Doctoral candidates Jeonggyu Lee and Siddharth Bhatt together with Rajneesh Suri, PhD, vice dean for research and professor of marketing in Drexel’s LeBow College of Business, found that consumers are more likely to pay a higher price for a truly green product, but they will not for greenwashed items—those with only a few green attributes, such as:
- Coca-Cola Life that promotes its “green” cans by replacing some of the sugar in their signature beverage with stevia (a natural ingredient), but the rest of the ingredients are unaltered.
- Dasani that sells water in a “Plant Bottle” which is a plastic bottle made with only 30 percent plant-based materials. Aquafina also has an “Eco-Fina Bottle” that is made with 50 percent less plastic.
- Huggies sells “pure and natural” diapers that are made from organic cotton but only for the exterior shell. The interior of the diaper isn’t any different from the other non-organic diapers.
There is a widespread prevalence of greenwashing in industries ranging from soft drinks to electronics, and the list goes on. According to the researchers, when it comes to these types of products, consumers tend to read the ingredients and look at labels more closely before deciding to pay the higher price.
“When an otherwise conventional product is promoted as green, the incongruence between its otherwise high price and only a few green attributes become salient,” said Siddharth. “This heightens consumers’ concerns about the ethicality of the firm, leading them to scrutinize the monetary sacrifice associated with the purchase.”
The research also demonstrates that endowing the product with a few green attributes does not create a green perception for the product. Consumers systematically evaluate the attributes and differentiate between comprehensively green products and their greenwashed counterparts.

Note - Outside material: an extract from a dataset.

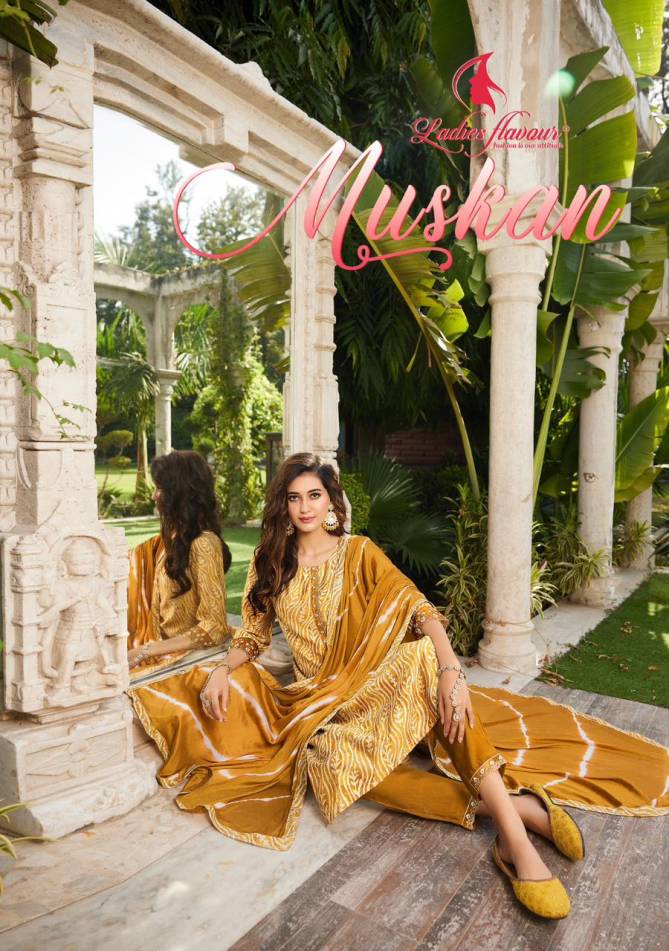 Ladies Flavour Muskan Model Chanderi Readymade Suits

The researchers conclude that to take advantage of consumers’ willingness to pay price premiums, marketers must focus on creating products that are bottom up green. “Only comprehensively green products are immune to negative product evaluations and the dire consequences of ethical stereotyping of the company itself,” said Jeonggyu.
Their paper, “When Consumers Penalize Not So Green Products,” is forthcoming in Psychology & Marketing.